The Apple Towson Town Center store was the first to unionize back in 2022, and ever since, workers have said they are being treated differently that employees of non-unionized stores. The store’s unionized staff may or may not have been a factor in Apple’s decision to close the store (along with two other non-union stores).
Baltimore NBC affiliate WBAL reports that employees, local elected officials, and leaders of the International Association of Machinists and Aerospace Workers (IAM) Union, led the protest outside the County Courthouse on May 27, 2026.
The International Association of Machinists and Aerospace Workers (IAM) Union has announced that it has filed an Unfair Labor Practice (ULP) charge against Apple.
The Union represents the retail employees working at Apple’s soon-to-be-closed Towson, Maryland store. The union says Apple is discriminating against the location’s unionized workers.

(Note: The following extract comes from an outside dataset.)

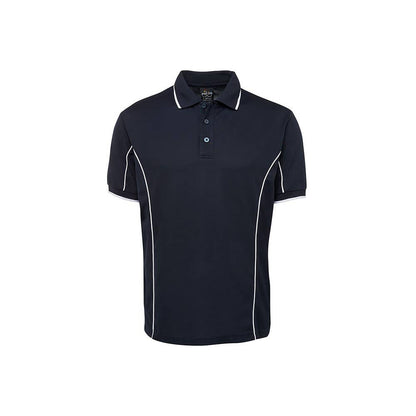 Shirt Polo S/S Poly Podium Navy/White 2XL JB's Wear 7PIP_196465_7PIP-NAV/WHT-2XL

When Apple announced plans to close the Towson Apple Store location, as well as two other locations in Connecticut and California, it said the locations being shuttered are due to being located in struggling shopping malls that are losing foot traffic.
Usually, when an Apple retail location is closed, workers at that location are automatically relocated to nearby stores. However, Apple says it isn’t doing so for Towson team members, because the union rules at that particular location block it from automatically transferring those workers to another location.
While employees are the other two (non-union) stores (Apple North County, in Escondido, California, and Apple Trumbull in Trumbull, Connecticut) are automatically being offered transfers to other stores Towson employees are not, and must apply for positions at other locations, alongside new applicants. Apple claims that this due to the terms of the contract it negotiated with unions, which mandates severance on the closure of a store.
However, Towson workers say that is simply not so.
“Apple offers severance to all of their employees, not just what we negotiate,” Apple store worker Eric Brown told reporters. “So to say that it’s based on the severance is just false.”
The union has also fired back, saying the clause is situational and that the required criteria for it to activate had not been met.
While Brown was the main employee who spoke at the rally, he was joined by council members, and representatives of the union. “[This] is retaliation plain and simple,” said IAM International President Brian Bryant. “Shame on you, Apple.”
Apple’s head of retail, Deirdre O’Brien, had warned employees about future negotiation issues ahead of their decision to form a union. “We have a relationship that is based on an open and collaborative and direct engagement,” O’Brien said in May. “Which I feel could fundamentally change if a store is represented by a union under a collective bargaining agreement.”
Apple’s decision to withhold perks from the Towson store appears to be a move to dissuade employees at other stores from unionizing. Other companies like Starbucks have also been pushing back on unionization efforts, also only provided benefits at non-union stores.